My main contributions to this tool include:

  • adding more variations of words (e.g. ‘k => ik; ‘r => er)
  • improving the normalization of numbers. By normalization of numbers I mean writing the numbers out (20 => twintig)
  • adding some test files
  • adding the ability to skip normalization for the reference/hypothesis files (or both)
  • adding back punctuation that was removed before (’ and -)
  • option to output a more detailed breakdown of the alignment of the reference-hypothesis files
  • overall increasing the readability of the README

Contribution: faster-whisper Link to heading

I have done a small contribution to the official faster-whisper repository that is highly relevant for the Whisper worker I developed for the Netherlands Institute for Sound & Vision. To summarize the contribution, I added logging of the duration of the audio segment to be processed, as well as information about how much audio does the voice activity detection (VAD) component remove, for the batched version of faster-whisper (represented by the class BatchedInferencePipeline in the codebase).

Link to the PR that added these changes: https://github.com/SYSTRAN/faster-whisper/pull/1186

Personal project Link to heading

Telegram Bot Transcriber Link to heading

Together with a friend from university, we developed a small bot for the instant messaging app Telegram that can be added to a group chat and will transcribe any type of message that contains audio in it ([voice/video] [messages/files]). This was done for personal use mainly, to transcribe voice messages in our friend group chat.

It can be run in 2 ways:

  1. Python faster-whisper backend + Rust Telegram Bot/API frontend (only supports voice messages)
  2. Full Python Bot, using python-telegram-bot for communicating with the API (supports all types of formats, check full_python_bot/README for more details)

Link: https://github.com/AntoniosBarotsis/telegram-transcriber

Talking Clock Link to heading

This is a project developed for an assignment of the course “Introduction to Voice Technology”, as part of my Master, together with a classmate. It is a fun little project that is based on the idea of concatenative speech synthesis (using multiple prerecorded audio segments and combining them together based on some predefined logic).

The clock can say the current time in Romanian, Irish, Polish, and French.

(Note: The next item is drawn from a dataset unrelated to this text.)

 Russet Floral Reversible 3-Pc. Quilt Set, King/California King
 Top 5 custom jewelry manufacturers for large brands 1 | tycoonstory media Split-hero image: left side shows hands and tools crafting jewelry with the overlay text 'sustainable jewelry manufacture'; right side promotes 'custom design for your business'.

It also has a speed adjust feature if you want to hear the time at a faster/slower rate. Rules of telling time for each language can also be found in the README. I wanted to work more on it and add features such as male/female voice selection or TTS/concatenative speech synthesis, but for now I am quite busy with my main job.

Link: https://github.com/greenw0lf/talking-clock

License Plate Recognizer Link to heading

This project was developed for the course “Image Processing” of my 2nd year of Bachelor, together with a classmate. It involves basic image processing techniques, such as color ranges, masking through kernel convolution, contour finding, OCR matching, and for me it was the gateway project to the world of multimedia processing. The pipeline was simple:

  • Select several frames from a video that contain the same license plate
  • Within each frame, localize and isolate the license plate from the rest of the image
  • Convert each frame into black and white in such a way that the characters are isolated from the background
  • Segment the license plate into the separate characters
  • Match each character to a database of characters available using a similarity metric to find the most likely character + Dutch license plate format rules
  • Compile the final text matching the full license plate
  • After processing each selected frame of the same license plate, conduct a majority vote to find the most likely license plate

Unfortunately, the code is not publicly available as I want to avoid the risk of current Image Processing students to find it and use (parts of) it as their own, thus plagiarizing the project. However, I am mentioning it as it was a stressful but very educational experience.